The fundamental problem is that even when hedge funds say they are pursuing entirely separate investment strategies, they often actually use common approaches, according to several experts. When one of these bets goes bad for one hedge fund, losses can result for many of them, disrupting the broader financial markets.

The convergence of hedge fund strategies is quantifiable. It was detected in a study completed earlier this year by Nicole M. Boyson, an assistant professor of finance and insurance at Northeastern University; Christof W. Stahel, an assistant professor of finance at George Mason University; and René M. Stulz, a professor of finance at Ohio State University. A copy of their study, “Is There Hedge Fund Contagion?,” is at [ssrn.com].

The professors focused on months when there was a particularly big loss in one of the many categories of hedge funds. In an interview, Professor Stulz said he and his co-authors found that during those months, all hedge funds, regardless of their category, had an unexpectedly high probability of losses, too.

A number of factors have caused this convergence, according to Lawrence G. Tint, an investment consultant and retired vice chairman of Barclays Global Investors. These include “the sheer number of hedge funds, the huge amount of assets invested in them, and the enormous amount of leverage that they employ,” Mr. Tint said. Another is a fee structure that provides hedge fund managers with “an intense incentive to capture the last little inch of competitive advantage,” he said.

Hedge funds are structured and regulated in ways that give them wide latitude to pursue profit opportunities wherever they find them. Mr. Tint says he suspects that some hedge fund investors will be surprised that their funds lost money because of problems in the subprime mortgage arena. That’s because those investors have been falsely assuming that, just because their funds focused on completely different strategies — commodities, for example — they have no exposure to the subprime mortgage market.

“There are today so many interconnections between hedge funds that, on the surface, pursue quite different approaches, that even a minor perturbation in one corner of the market causes everyone to run in the same direction,” Mr. Tint said.

Another factor that contributes to rapidly spreading losses, or contagion, among hedge funds is the proportion of their holdings invested in assets that cannot be readily sold. Hedge funds are attracted to such illiquid assets because their expected return is often higher than that of liquid investments. But that higher expected return carries a price: it makes it harder for the funds to raise money when credit becomes tight.

One expert who has worried for several years about the risks caused by hedge fund illiquidity is Andrew W. Lo, a finance professor at the Massachusetts Institute of Technology and director of its Laboratory for Financial Engineering. He is also chief scientific officer at the AlphaSimplex Group, a hedge fund management firm in Cambridge, Mass.

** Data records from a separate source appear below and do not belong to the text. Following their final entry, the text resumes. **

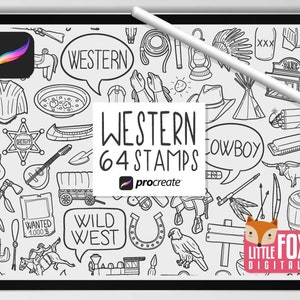 WESTERN STAMPS, Procreate Brushes, Cowboy Icons, Bundle Doodles. Clipart Digital Sticker Wild Old West America Scrapbook Set Coloring.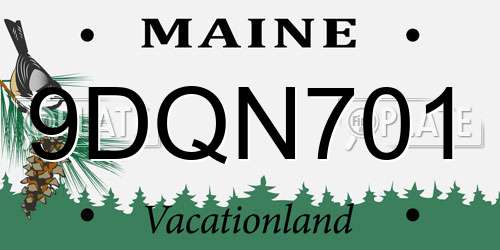 9DQN701 Maine License Plate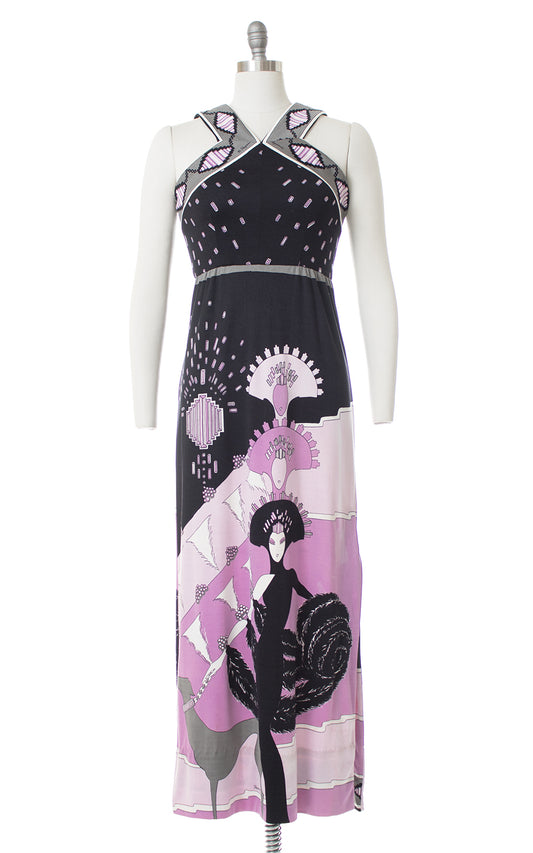 1960s Paganne Erte Art Deco Novelty Print Jersey Dress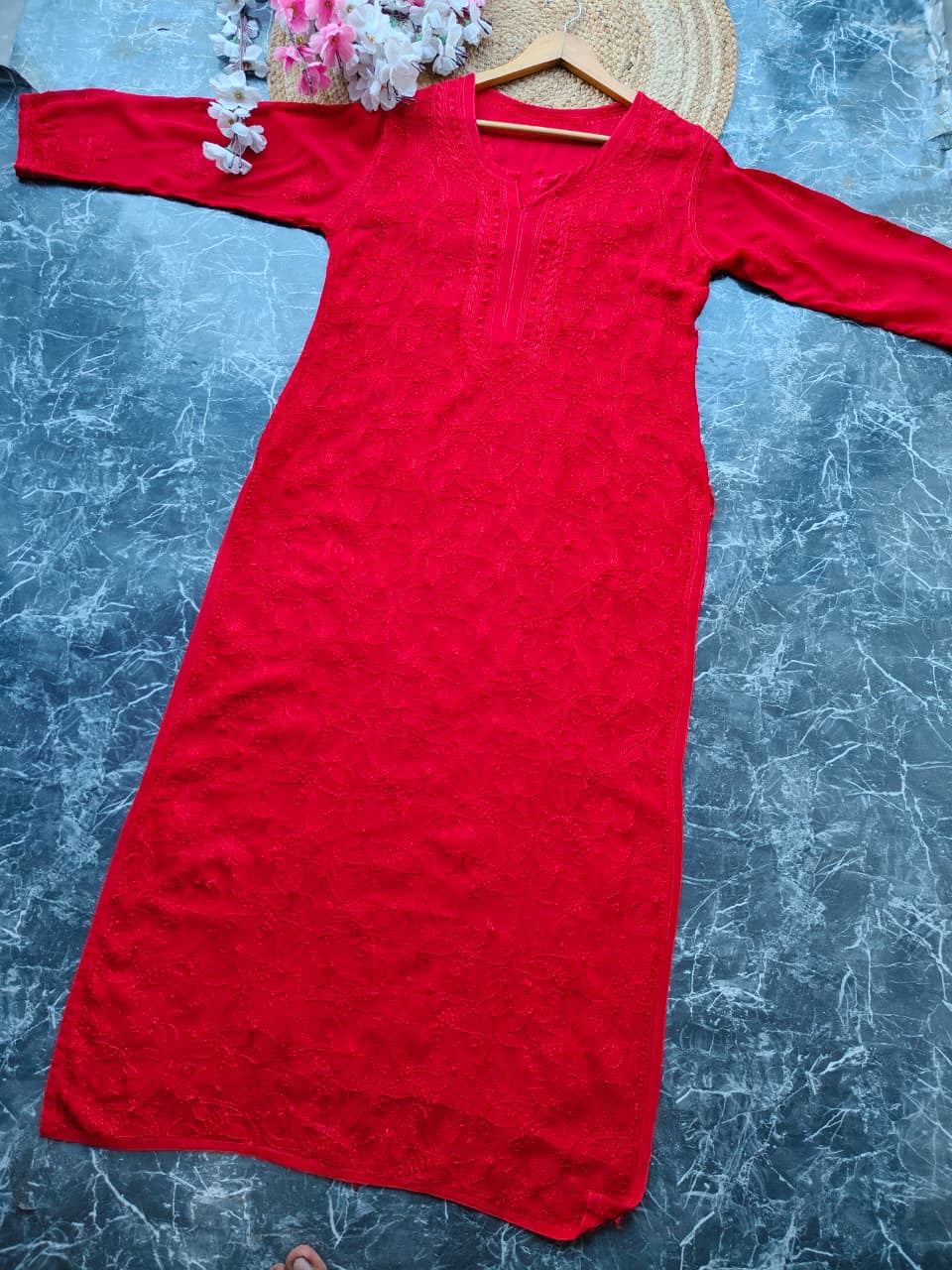 Premium viscose kurti With resham jaal allover work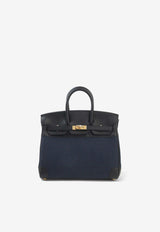 Birkin Quadrille 25 in Black Swift Leather and Bleu Egee Toile with Gold Hardware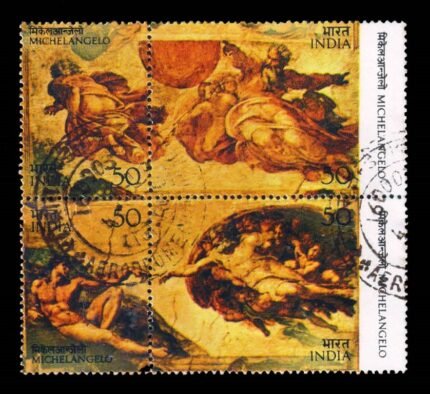 INDIA 1975 – 500th Birth Anniversary of Michelangelo Nude Paintings, Se-tenant Block of 4, Used Stamps, Italian Painter and Sculpture, S.G. 769-772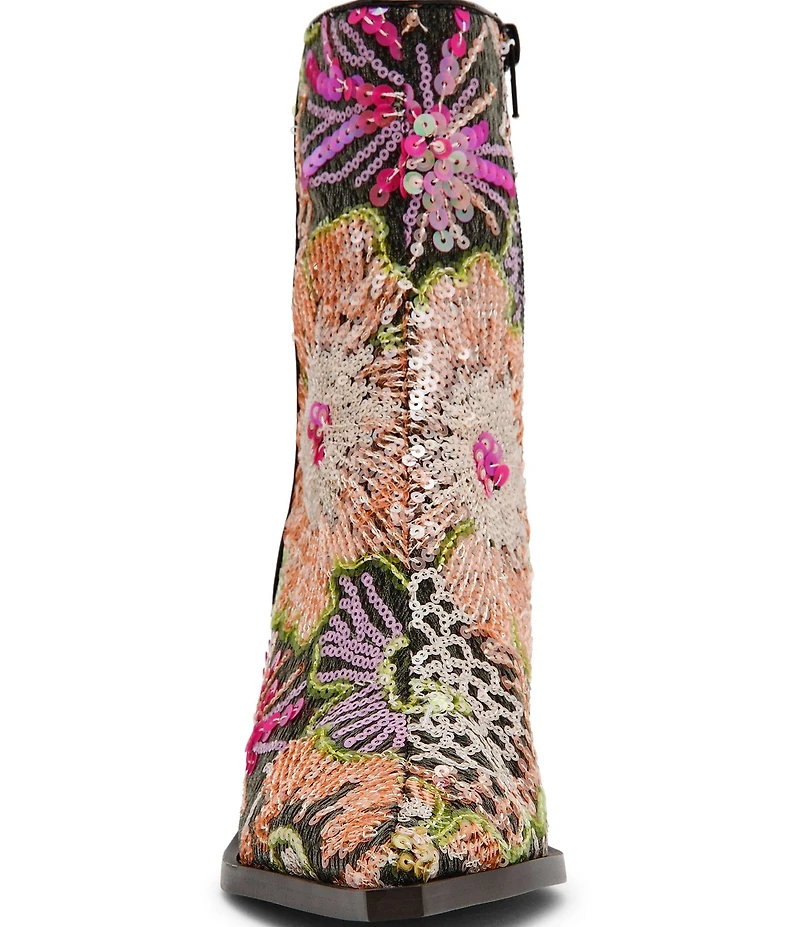 Betsey Johnson Rudy Floral Mesh Block Heel Booties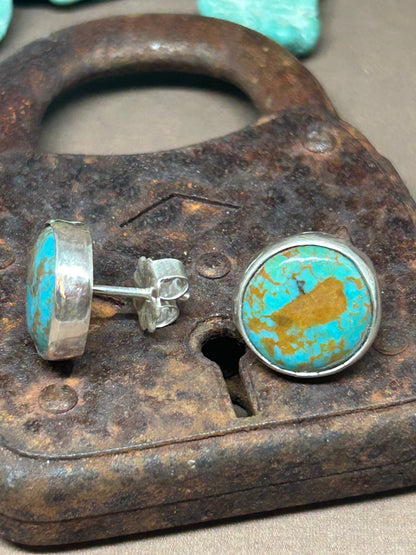 Chubbies Campitos Turquoise And Sterling Silver Stud Earrings - Taylor Made Silver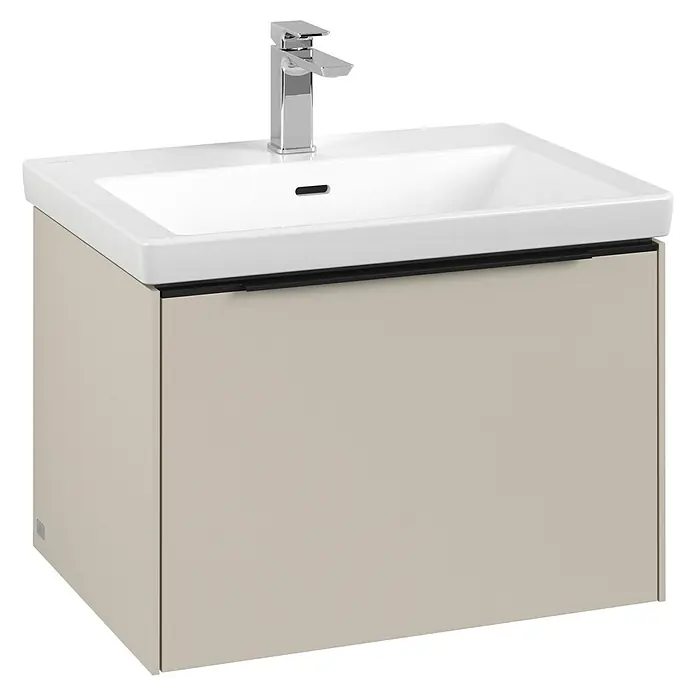Villeroy & Boch Subway 3.0 Waschbeckenunterschrank - Cashmere Grey, Anzahl Schubladen: 1 Stk., Farbe Griff: Volcano Black, B x T x H: 62,2 x 47,8 x 42,9 cm - Ein moderner Waschtisch mit Unterschrank in Beige und einer eleganten Armatur, ideal für ein stilvolles Badezimmer.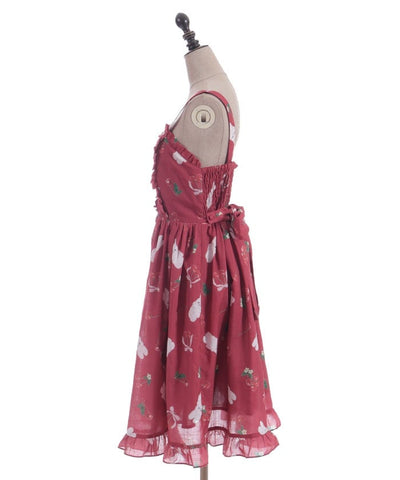 Cherry Bunny Pattern Jumper Skirt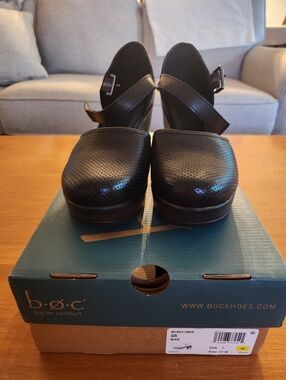 b.o.c. Gia Black Perforated Leather Clog Heels with Buckle Strap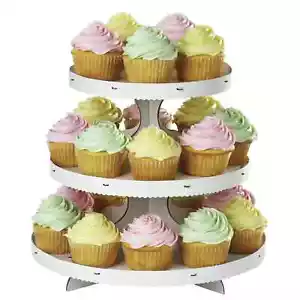 NEW 3-Tier Cupcake Stand Round White Cake Dessert Pastry Display Tower Holder - Picture 1 of 4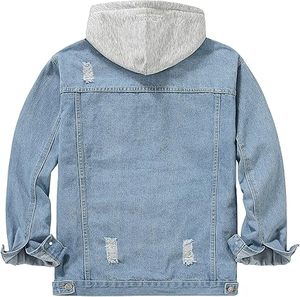 Acid Wash Vintage Black Jeans <b>Men's</b> Clothing Pullover Custom Denim Hoodie Thick Winter French Terry Jacket <b>Raincoat</b> Jackets Hood - Product Image 5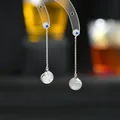 Orecchini a pendente in argento con zirconi blu e ciondoli a forma di gatto - Stile Nappina Lunga Gatto (ED62129) / Argento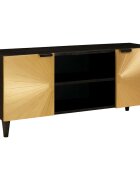 vidaXL ТВ шкаф Черен и златен 105 x 33 x 46 см Инженерна дървесина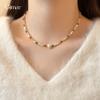 Baroque Pearl Artificial Crystal Cylindrical Necklace Niche Collarbone Chain Exquisite Temperament Style Necklace Women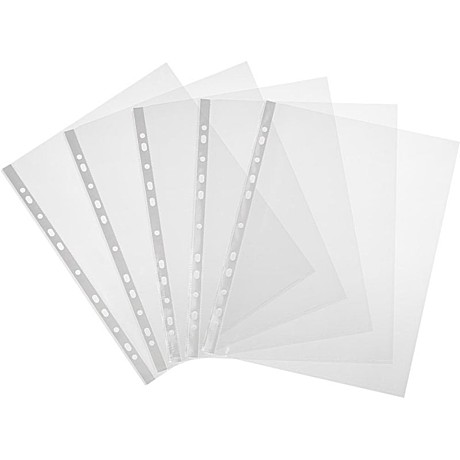 Папка вкладыш с перфорацией А4 (мультифора) 30МК, 100шт/уп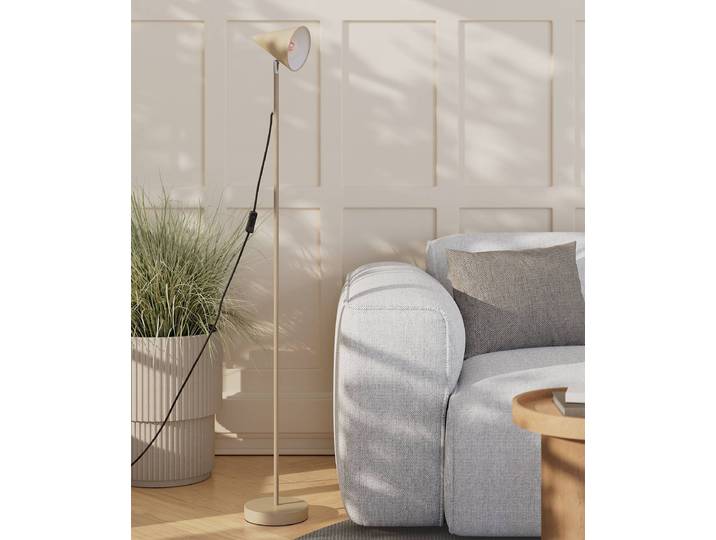 Lampadaire 18 x 136 x 16cm Beige/Beige Fer E14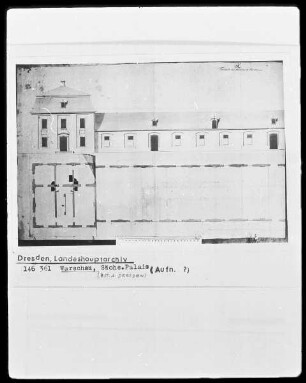 Warschau, Sächsisches Palais, mit Fassadenaufriß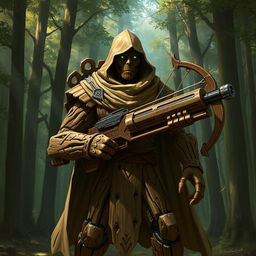 A warforged made of wood, cloaked in a cowl with a long cape, carrying a heavy crossbow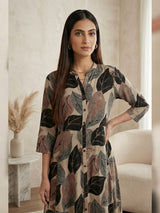 Beige silk printed casual stand collar kurti design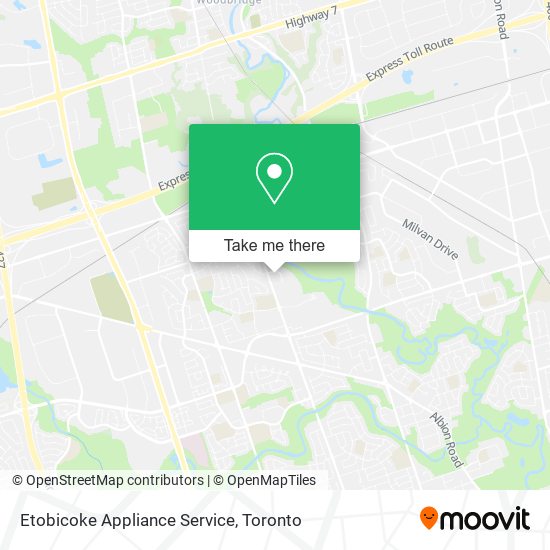Etobicoke Appliance Service map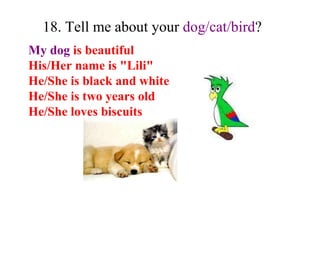 18. Tell me about your  dog/cat/bird ? My dog  is beautiful His/Her name is "Lili" He/She is black and white He/She is two years old He/She loves biscuits 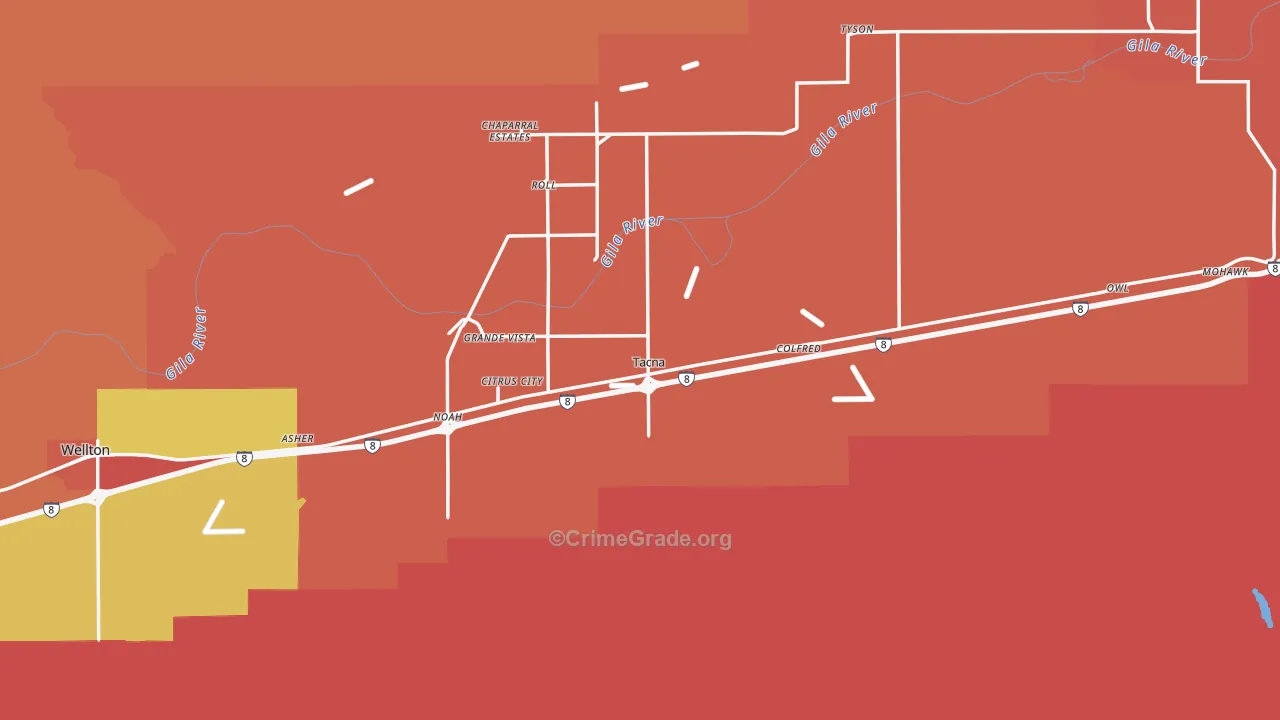 Tacna, AZ Map of Murder Rates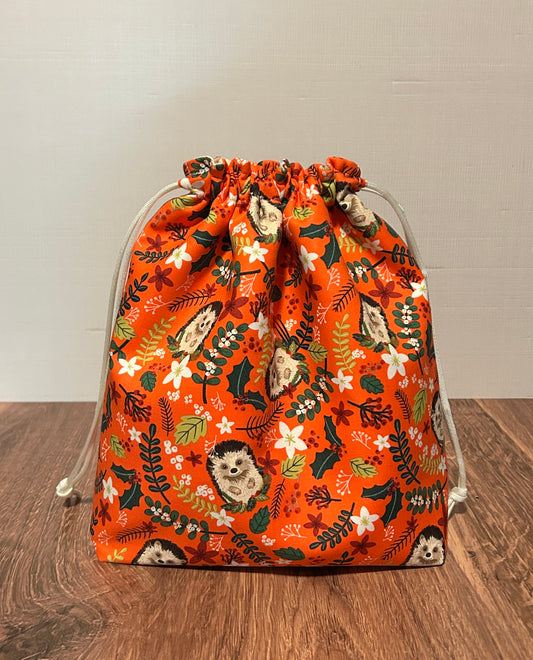 Hedgehog Project Bag - Handmade - Drawstring Bag – Knitting Bag – Crochet Bag - Toy Sack - Bingo Bag – Cross Stitch Bag - Woodland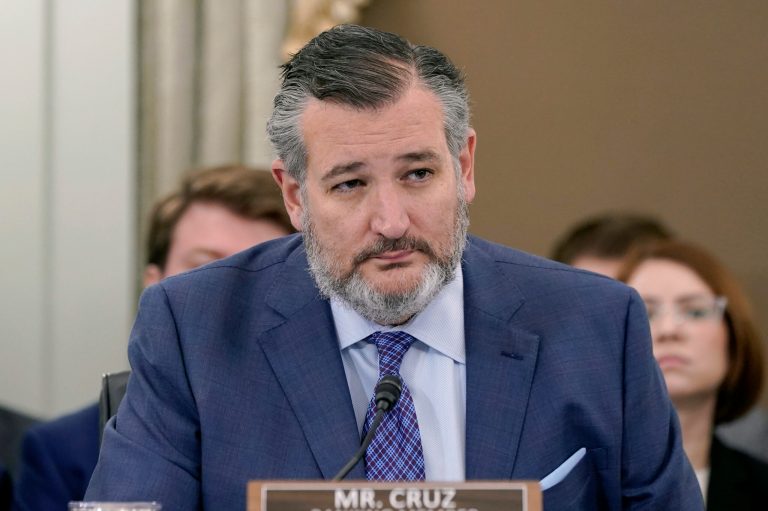 Sen. Ted Cruz (R-TX) questions Michael Whitaker, of Vermont, during his nomination hearing to be administrator of the Federal Aviation Administration on Capitol Hill on Wednesday, Oct. 4, 2023, in Washington.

Hedge funds do not generally divulge their holdings, so the extent of illiquidity must be measured indirectly. Professor Lo does this by measuring the degree to which hedge fund returns move in the same direction from month to month — a statistical pattern that some call return persistence. This is a telltale sign of illiquid investments, he argues, because their valuations typically are updated infrequently — say, once a quarter or once a year. In such cases, hedge funds have to make a number of assumptions when coming up with how an illiquid investment performed in a particular month, and they may simply extrapolate it from past returns. This will have the effect of making an illiquid investment’s month-to-month returns appear to move in the same direction.

In an interview, Professor Lo said he began noticing as early as five years ago that return persistence was becoming more prevalent in hedge funds, and that it has become even more so since.

As an example of how this measurement could have been used as an early warning signal, he refers to Amaranth Advisors, the hedge fund that failed last September. The particular trade that caused huge losses for that fund, and eventually led to its closure, was a complex derivative involving natural gas futures contracts. Professor Lo said that this derivative appeared to become quite illiquid in mid-2006, as evidenced by a big spike in its return persistence. This indicated a marked increase in vulnerability for hedge funds invested in it, according to Professor Lo.

It turns out, however, that relatively few hedge funds were invested in that derivative, so the ripple effects of Amaranth’s failure were relatively mild. But that was something of a lucky break, Professor Lo said. Today, the odds are higher than ever that losses in a remote corner of the financial markets will spread quickly across the hedge fund world.

Professor Lo likened his warnings about hedge fund illiquidity to those of a weather forecaster pointing out that a forest has become extremely dry and vulnerable to fire. “Such a report can’t be used to predict when a spark will actually trigger a rapidly-spreading fire,” he said, “but it does tell you that it has become significantly more likely to happen at any time.”